A BMZ Poland e a EVE fabricarão uma bateria LMFP para veículos elétricos pesados. Ela deve conseguir ser carregada até 80% em 25 minutos.

A BMZ Poland, de Gliwice, e a chinesa EVE Energy apresentaram na IAA Transportation uma bateria LMFP desenvolvida em conjunto para caminhões elétricos, ônibus e máquinas de construção. A produção em série deve começar em meados de 2028, e as primeiras amostras para clientes chegarão ao mercado em 2027. Isso soa interessante para os fabricantes de frotas, pois a promessa é simples: menos quilos em comparação com as baterias LFP e carregamento mais rápido, sem a necessidade de optar pelas mais caras NMC.
O que a nova bateria LMFP promete
A nova versão da plataforma Versora deve utilizar células LMFP da EVE. A BMZ posiciona essa química entre as tecnologias LFP e NMC. As baterias LFP são mais baratas, duráveis e seguras, mas têm menor densidade energética. Já as NMC geralmente oferecem mais energia e resistem melhor às temperaturas, mas custam mais.
Nas aplicações pesadas, a BMZ e a EVE mencionam vários benefícios específicos. Um pacote desse tipo em um caminhão elétrico de longo alcance deve ser até 10% mais leve que uma solução LFP comparável, com a mesma quantidade de energia. Isso já não é apenas um detalhe estético, pois no transporte cada quilograma faz diferença.
O segundo ponto é o carregamento. A declaração fala de uma potência de até 1 MW ou taxa de 2,2C, o que permitiria recarregar de 10% a 80% da energia em menos de 25 minutos. Para comparação, a BMZ afirma que um LFP similar leva cerca de 35 minutos. Em teoria, parece bom, mas, como sempre, o ponto crucial é óbvio: ainda é preciso ter um carregador e toda a arquitetura do veículo capazes de receber realmente esse megawatt.
Há também números relacionados à durabilidade e ao funcionamento em condições frias.

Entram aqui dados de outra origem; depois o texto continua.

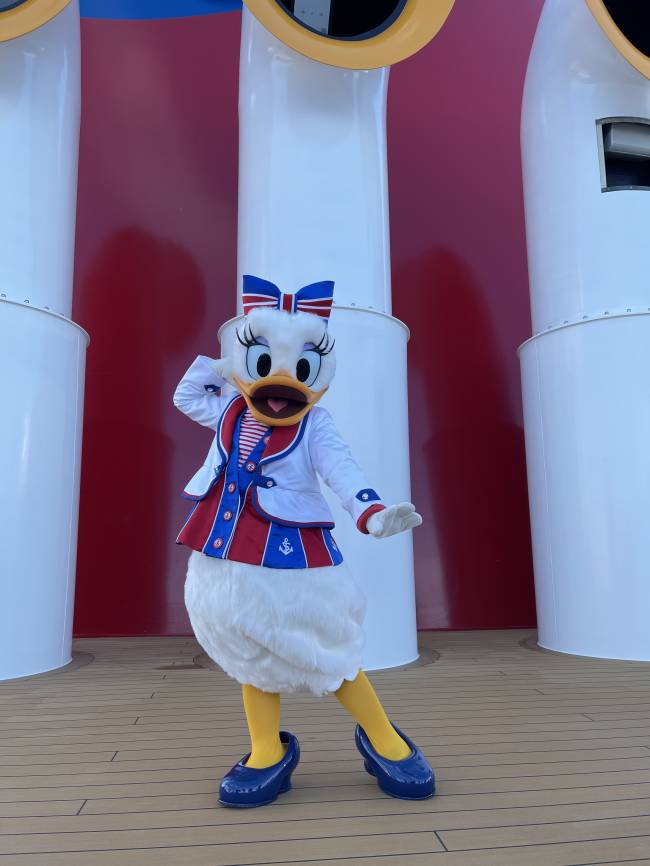 Personagens da Disney Personagens da Disney, como a Margarida, estão à disposição dos hóspedes do navio para as tradicionais fotos e selfies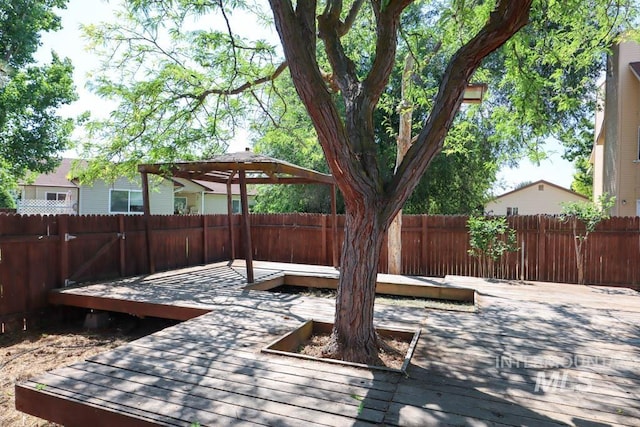 1120 SW 14th Ave, Ontario, OR 97914 - wooden terrace featuring a fenced backyard and a gazebo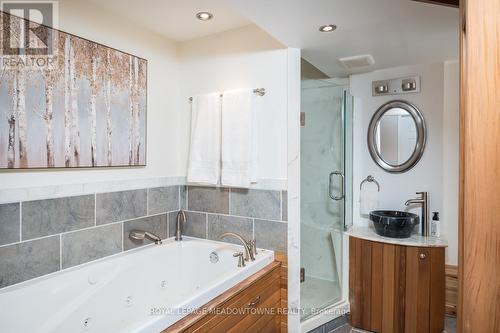56 Acredale Drive, Hamilton, ON - Indoor Photo Showing Bathroom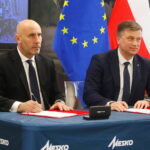 01.04.2026. Skarżysko-Kamienna. MESKO. Podpisanie umowy inwestycyjnej z programu NAREW między Polską Grupą Zbrojeniową a skarżyskim Mesko / Fot. Wiktor Taszłow - Radio Kielce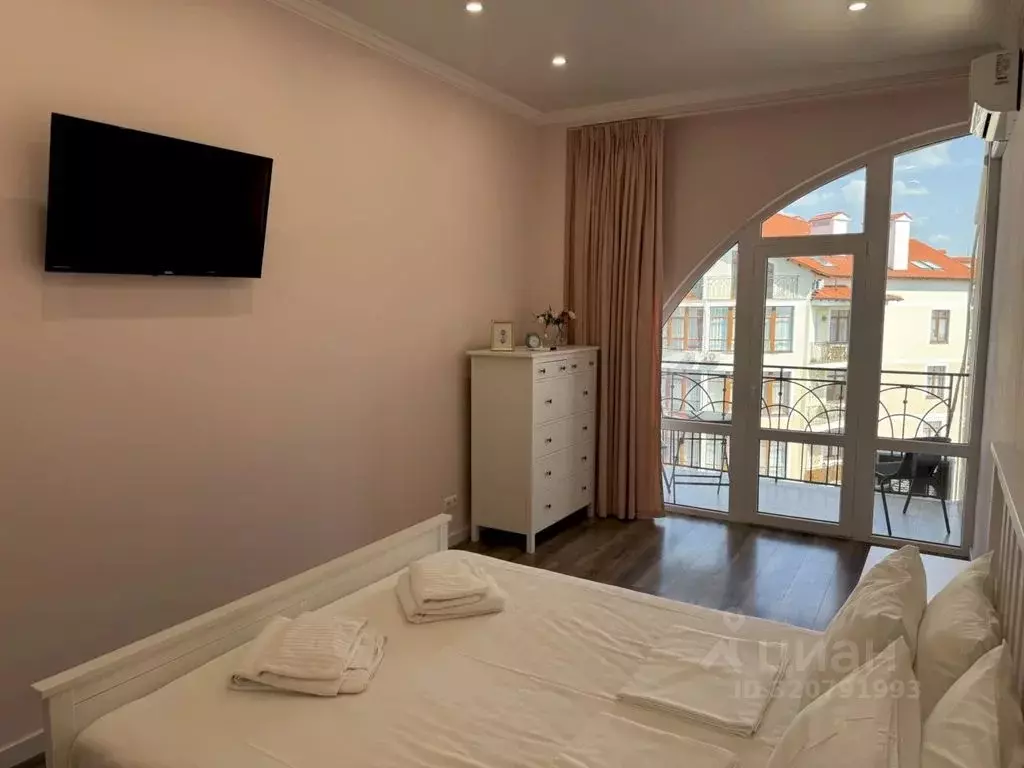 1-к кв. Краснодарский край, Геленджик Крымская ул., 22к13 (55.0 м) - Фото 2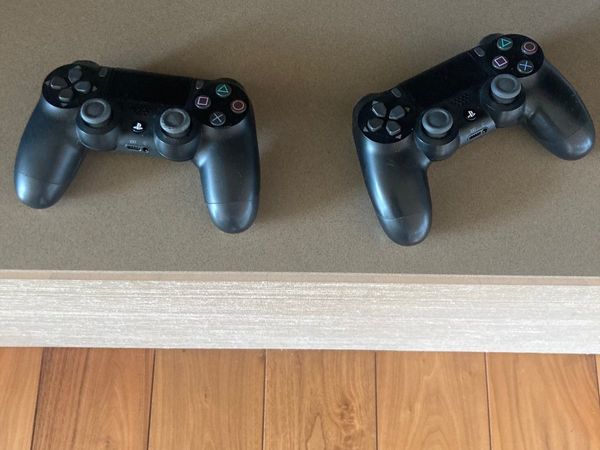 2x Playstation 4 controllers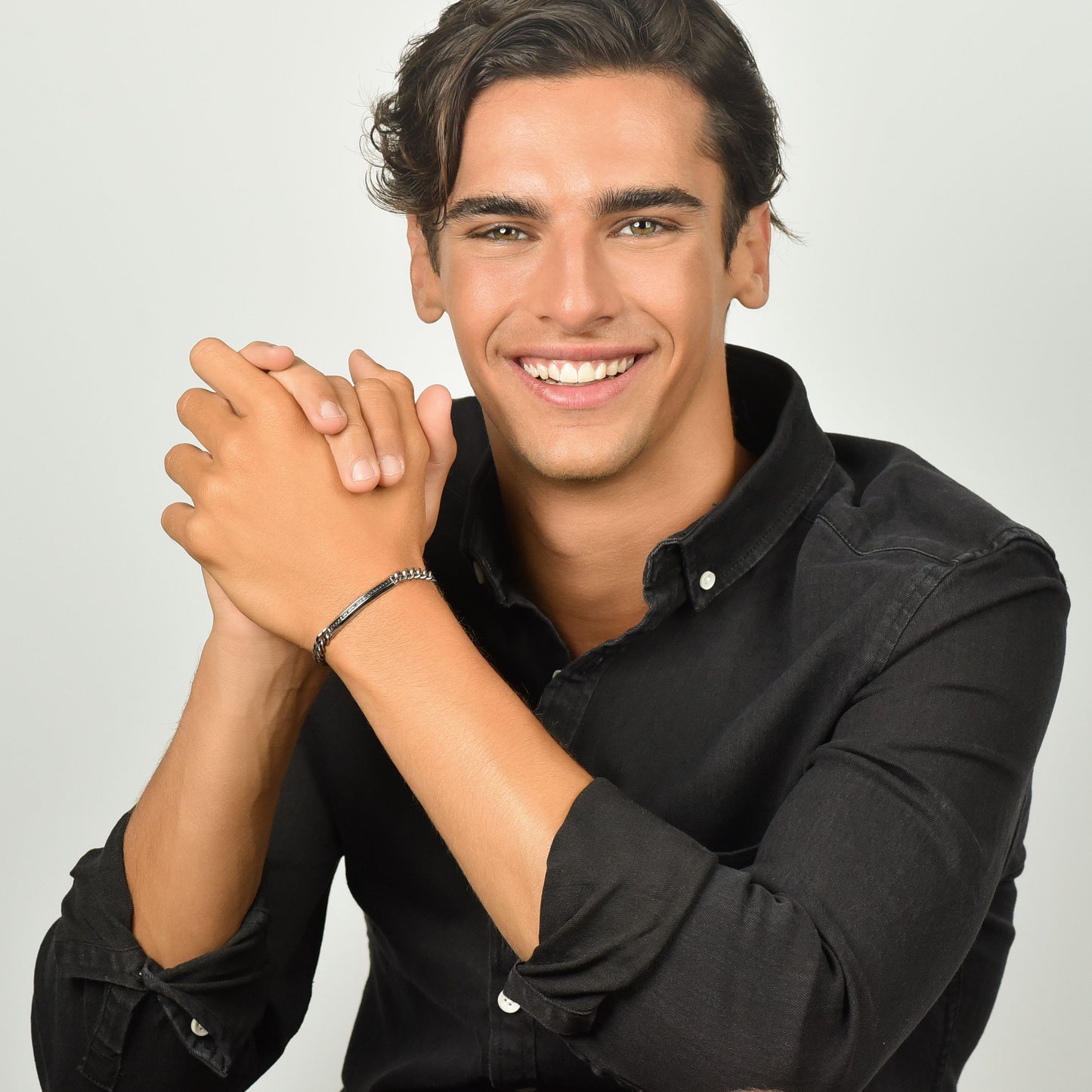 BRAZALETE DE ACERO PARA HOMBRE CON ELEMENTO DE CRISTAL NEGRO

A bateria deve suportar mais de 4500 ciclos completos, mantendo 80% do seu nível de State of Health, enquanto a próxima geração deve ultrapassar 5500 ciclos. Aos 20 graus Celsius negativos, espera-se que ela mantenha 85% da sua capacidade, em comparação com cerca de 75% na tecnologia LFP BMZ comparada. Se isso for confirmado fora deste slide, os operadores de ônibus e máquinas que trabalham no inverno estarão prestando atenção especial.

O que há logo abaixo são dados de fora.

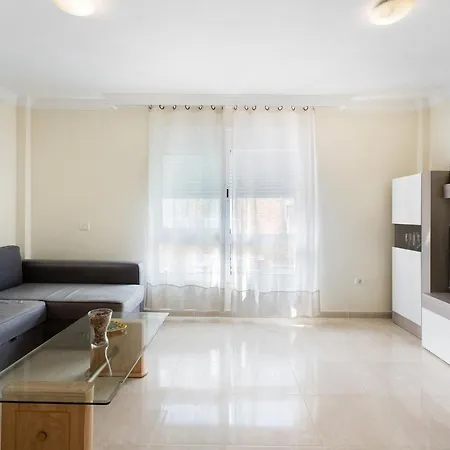Playa San Juan - Brisas - 2 Min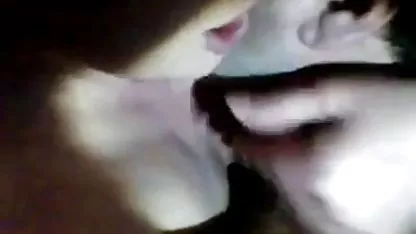 Sexy lesbianas tetonas gordas novia seductora rubia y picotea su coño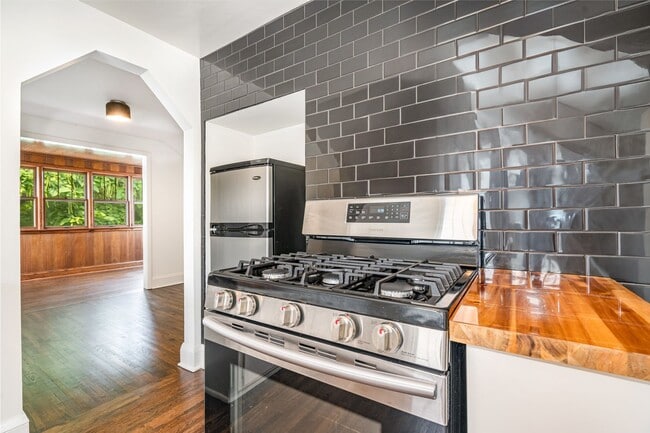 property at 2107 Grand St NE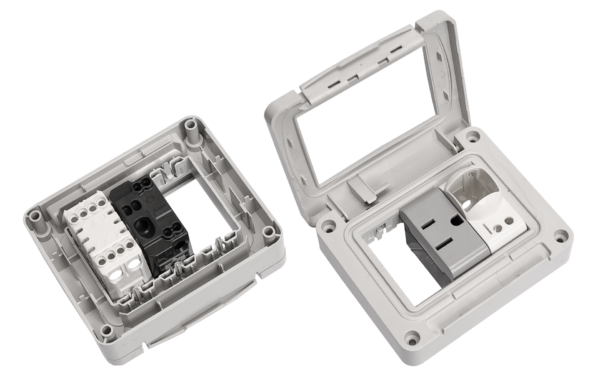 Terminal boxes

Uma plataforma, duas químicas e um elemento polonês
O Versora possui uma estrutura modular com dois formatos de módulos, que podem ser instalados no chão, na carroceria ou no teto. O mais importante é o seguinte: as versões NMC e LMFP devem ter as mesmas dimensões, massa, interfaces elétricas e classes de tensão. Isso é conveniente para o fabricante do veículo, pois permite oferecer baterias diferentes sem precisar reformular toda a plataforma.
Há também um sotaque polonês natural aqui. A BMZ Poland atua em Gliwice e já está produzindo baterias para o segmento de veículos comerciais, incluindo a nova geração NMC4 para o Mercedes-Benz eCitaro, que será incorporada a todas as versões do ônibus a partir de 2026. A empresa polonesa também não foi afetada pela falência da BMZ Germany e da BMZ Holding no final de 2025. Parte do grupo foi posteriormente adquirida pela SKion Susanne Klatten, e hoje é essa empresa a ser apontada como proprietária do grupo.
A própria LMFP ainda vai demorar um pouco para chegar ao mercado. Amostras para clientes em 2027, entregas em série a partir de meados de 2028. O Versora com tecnologia NMC deve chegar mais rápido, já que as primeiras amostras já estão sendo enviadas a clientes selecionados, e a produção em série está prevista para 2027.
O mais interessante nesta história é que o LMFP começa a entrar em um cenário onde, até agora, a escolha era brutalmente simples: LFP barato ou NMC mais caro. O que vocês acham? As montadoras de veículos pesados vão adotar essa promessa de carregamento mais rápido e melhor desempenho em condições extremas?